[Extracted entries]:
┌──

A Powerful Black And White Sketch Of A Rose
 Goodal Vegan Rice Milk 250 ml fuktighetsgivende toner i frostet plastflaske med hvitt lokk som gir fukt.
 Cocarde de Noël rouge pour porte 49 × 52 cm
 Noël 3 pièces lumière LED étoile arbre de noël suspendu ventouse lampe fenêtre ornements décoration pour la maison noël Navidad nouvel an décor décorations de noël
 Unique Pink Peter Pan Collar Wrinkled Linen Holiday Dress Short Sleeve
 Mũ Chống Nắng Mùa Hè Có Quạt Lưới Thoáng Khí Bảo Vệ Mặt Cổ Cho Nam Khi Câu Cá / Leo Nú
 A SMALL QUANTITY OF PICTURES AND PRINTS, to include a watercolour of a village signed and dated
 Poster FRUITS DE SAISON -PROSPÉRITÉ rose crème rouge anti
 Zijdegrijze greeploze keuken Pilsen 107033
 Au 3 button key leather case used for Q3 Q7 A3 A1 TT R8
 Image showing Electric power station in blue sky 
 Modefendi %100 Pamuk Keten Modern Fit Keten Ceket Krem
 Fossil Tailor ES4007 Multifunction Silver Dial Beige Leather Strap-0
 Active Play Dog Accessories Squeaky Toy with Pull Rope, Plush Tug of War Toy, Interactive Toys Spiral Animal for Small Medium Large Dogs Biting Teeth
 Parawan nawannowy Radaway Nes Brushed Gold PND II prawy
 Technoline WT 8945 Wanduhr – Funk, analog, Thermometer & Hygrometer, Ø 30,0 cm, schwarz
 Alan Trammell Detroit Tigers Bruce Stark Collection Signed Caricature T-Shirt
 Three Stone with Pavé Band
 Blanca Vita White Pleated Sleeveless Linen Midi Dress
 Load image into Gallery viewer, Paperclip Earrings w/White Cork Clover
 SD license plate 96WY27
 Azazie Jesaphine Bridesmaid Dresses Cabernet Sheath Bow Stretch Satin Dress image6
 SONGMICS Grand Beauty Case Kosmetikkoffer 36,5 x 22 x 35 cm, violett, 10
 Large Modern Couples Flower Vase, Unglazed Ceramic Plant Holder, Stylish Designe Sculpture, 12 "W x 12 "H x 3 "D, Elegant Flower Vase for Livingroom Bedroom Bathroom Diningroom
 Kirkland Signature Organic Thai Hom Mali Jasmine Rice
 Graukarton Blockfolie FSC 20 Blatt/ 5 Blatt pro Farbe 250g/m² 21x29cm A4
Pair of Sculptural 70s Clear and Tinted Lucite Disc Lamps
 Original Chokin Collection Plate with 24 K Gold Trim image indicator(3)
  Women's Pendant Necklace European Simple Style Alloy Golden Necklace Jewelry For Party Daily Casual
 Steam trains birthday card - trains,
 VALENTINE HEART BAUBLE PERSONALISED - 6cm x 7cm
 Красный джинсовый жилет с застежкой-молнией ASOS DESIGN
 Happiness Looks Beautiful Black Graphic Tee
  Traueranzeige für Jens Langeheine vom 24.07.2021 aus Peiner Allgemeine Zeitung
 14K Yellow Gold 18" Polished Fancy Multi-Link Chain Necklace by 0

└──

Search the records above for the string "Dress" and copy each line that holds it.

 Unique Pink Peter Pan Collar Wrinkled Linen Holiday Dress Short Sleeve
 Blanca Vita White Pleated Sleeveless Linen Midi Dress
 Azazie Jesaphine Bridesmaid Dresses Cabernet Sheath Bow Stretch Satin Dress image6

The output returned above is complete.